Butler Hollow 2Folks on the Arkansas/Missouri border are riled up.   The target of this Ozark ire is the US Forest Service’s (USFS) management proposal for Butler Hollow and the greater Mark Twain National Forest.  The USFS’s idea of restoring glades and reclaiming woodlands initially sounds appealing.  Who doesn’t want to turn back the cedar tree invasion?  But then there is the aggressive action plan:  the boom spraying of herbicides, the commercial logging, and the endless “controlled” burning. (Have you ever seen a cedar burn?  They don’t so much burn as violently conflagrate). And the impacting side effects: smoke, erosion, potentially contaminated wells and waterways.

Private property intersperses the Mark Twain.  My friend, Caitlyn, lives there on forty acres in a funky off-grid home with her new born and two-year old dynamo, Anton, and her husband, who works at the lumber yard.   Her grandparents, Sharon and Dale Becker, also locals, are key in spear-heading the opposition.

On first hearing of the USFS’s proposal in January 2015, my first reaction was “not again.” After all, we had just finished more than a year of battling and defeating SWEPCO’s proposed 345 kV transmission line. I wondered if individuals, including myself, could muster the energy to speak up, stand up and fight again. We have.   A little here. A little there. It’s coming together.

The world overflows with injustices, ill-conceived plans and abuses of power. I have one friend who prides herself on “clicking” hundreds of online petitions every week. It’s her way of speaking out.   On-line protests and fast-moving twitter feeds have their place. But I’m not sure we can click our way to a healthier environment, peace in the Middle East, or a sane plan for Butler Hollow. Just as we generally can’t text ourselves to more vital relationships and harmonic solutions in our homes.

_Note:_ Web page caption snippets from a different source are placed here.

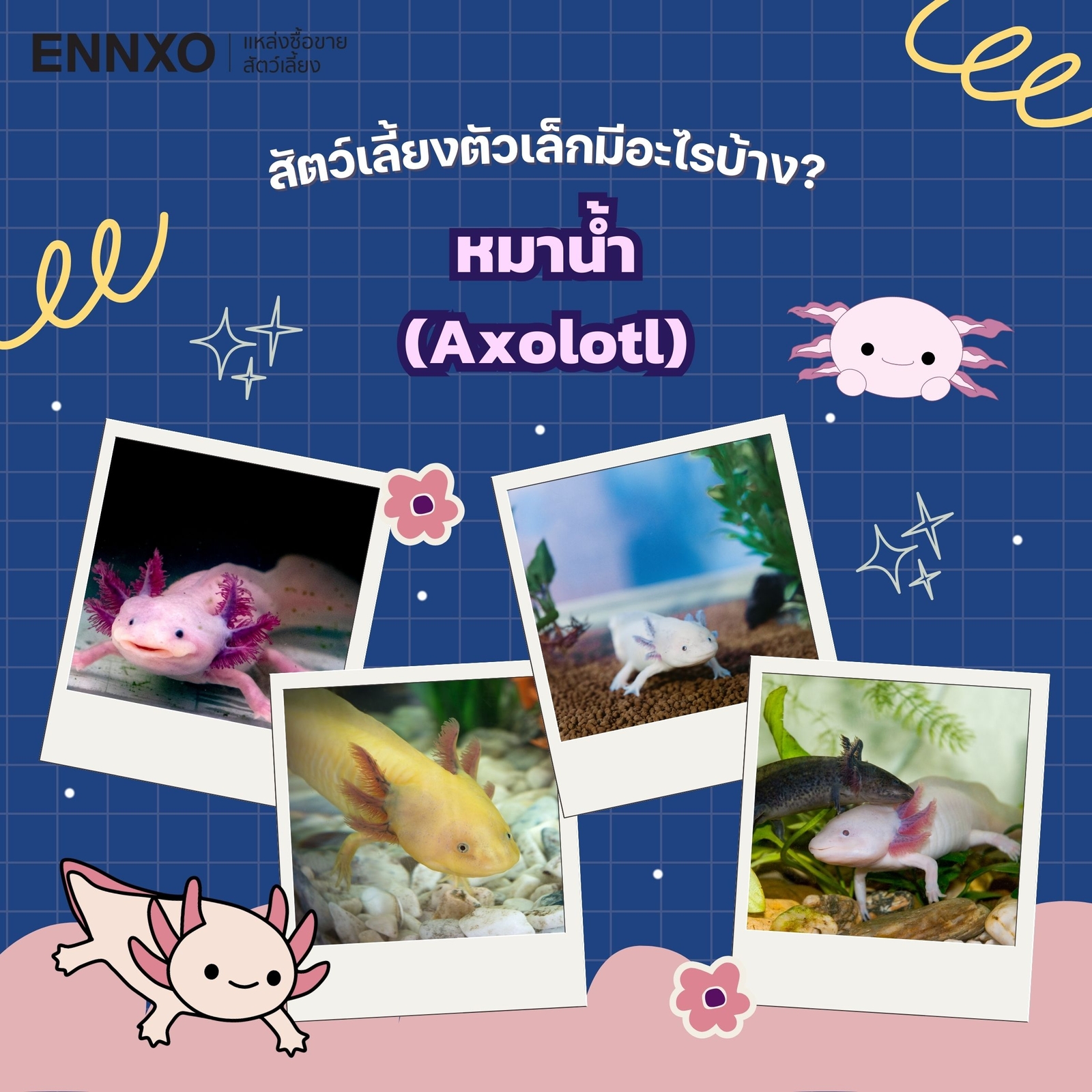 แอกโซลอเติล axolotl ข้อมูล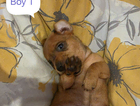 puppy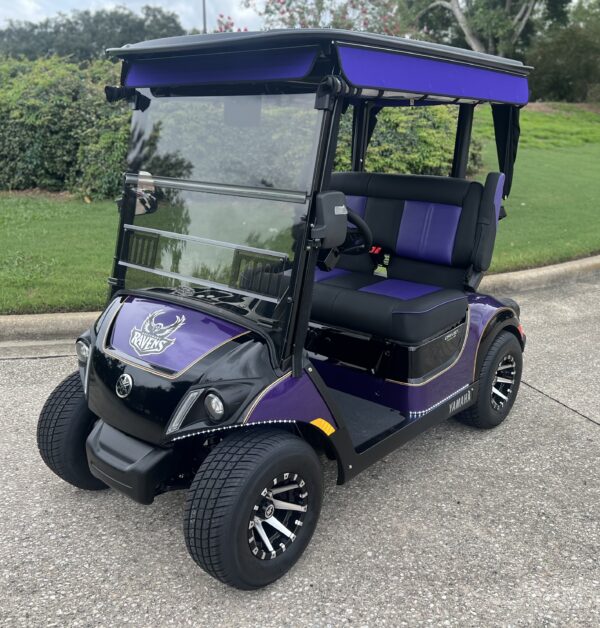 2024 Yamaha Drive2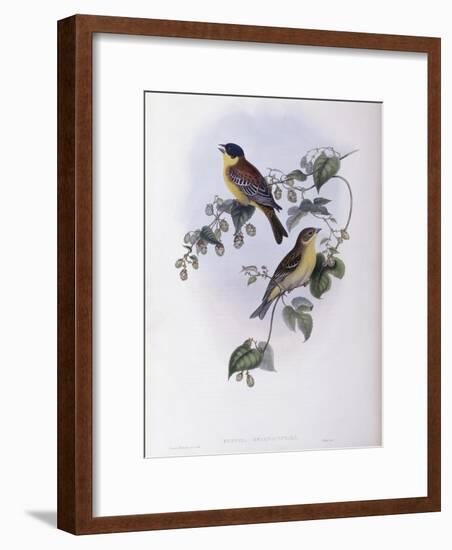 Black Headed Bunting-John Gould-Framed Giclee Print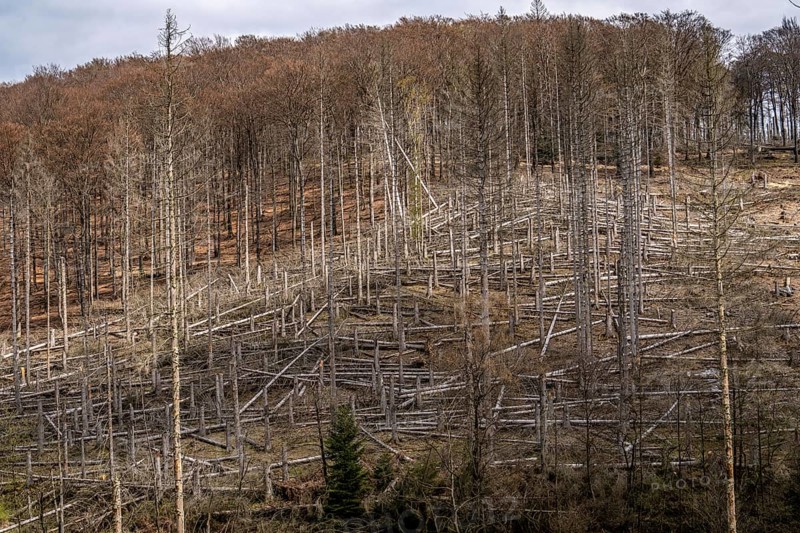 Dead spruce trees, broken by wind, lying in disarray, forest dieback in the Arnsberg Forest nature park Park, over 70 per cent of the spruce trees are diseased, damaged, mostly by the bark beetle, which was able to spread due to drought and heat, climate change, near Hirschberg, North Rhine-Westphalia, Germany, Europe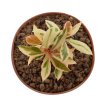 EUPHORBIA millii f. variegate
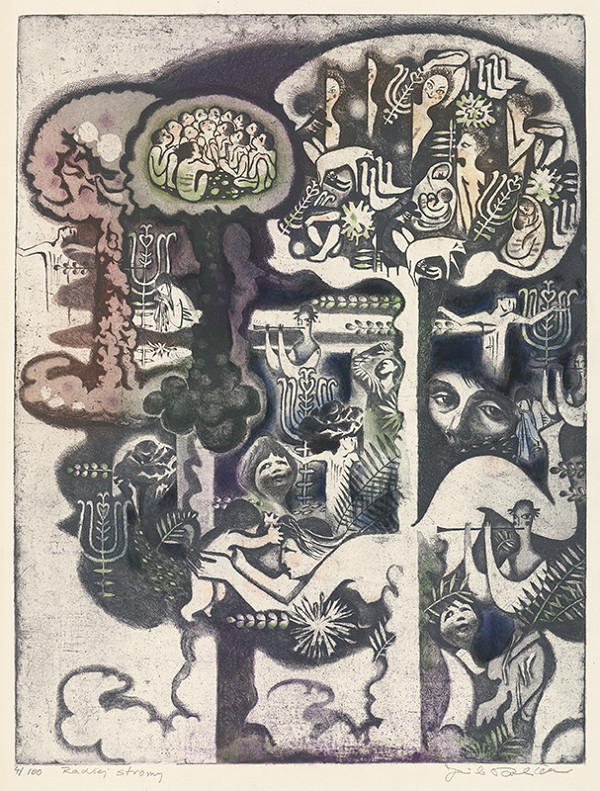 Jarmila Pavlíčková – Radšej stromy 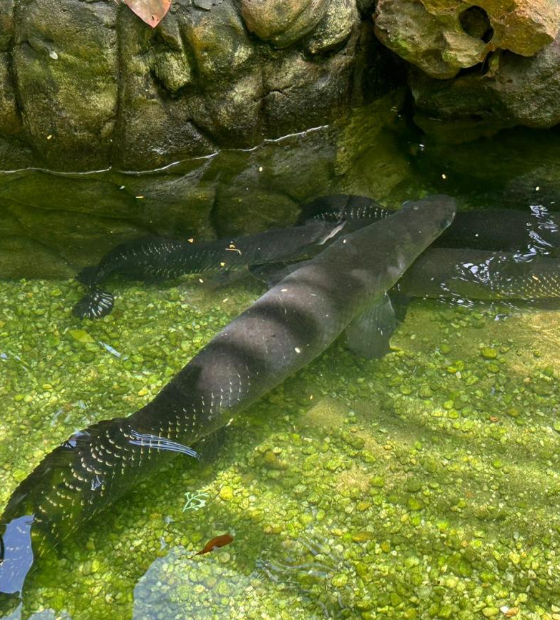 Polícia resgata animais silvestres mantidos como atração em São Caetano de Odivelas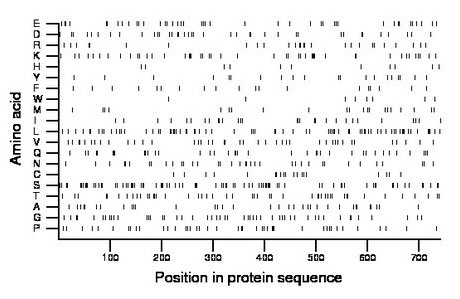 amino acid map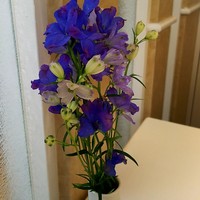レストラン シャルム - お花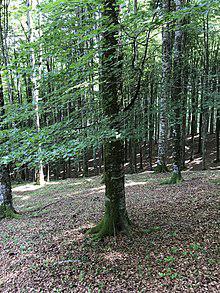 Copper beech tree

Building the muscle and skill to speak up for what we cherish takes observation of those who already have this strength and personal practice. I’m still working on it. In the process I’m noticing that infusing self-talk, family conversations, and participation in local community conflicts with commitment to the good, beautiful and true carries a certain regenerating power. A power that gives the endurance and faith to keep on going.   A power that comes when activating our inherent human capacity and responsibility to defend and celebrate what the Heart loves.

What are you speaking up for today?

Endurance: Cultivating Common Ground

redbudsI love how redbuds (cercis canadensis) and oaks share common ground.   One prefers the protection of understory living, the other dares to stretch and dominate the forest heights.  Their cooperative difference delights the eye in the first full weeks of spring, when the redbuds burst into their glory, while the oaks still prepare their own leafing out overhead.

I used to believe that devotion to a shared vision was enough to unite individuals on common ground.  But Life has taught me differently.  Common ground of heart is what endures.  it is the vital terra firma from which shared visions grow, health blossoms, hardships are traversed and lived dreams flourish.

Beautiful and life-sourcing, the heart’s common ground demands our fullest.  The fullest of faith in ourselves and each other, along with humility, willingness, and caring embrace.  Like nutrient-rich garden soil, common ground requires enduring attention and cultivation.  Cultivation through full listening.  Through offering and accepting gifts of hard truths wrapped in compassion.  Celebrating simple joys.  Risking change.  I’m certain you could add to this list, drawing on your own trusted bag of tools applied in the common ground of your relationships and responsibilities.

Going alone is sometimes necessary.  Often the perfect choice.   With its own challenges and benefits. Yet the redbuds and oaks remind me that tending the heart’s common ground is worth the risk, the effort and the reward.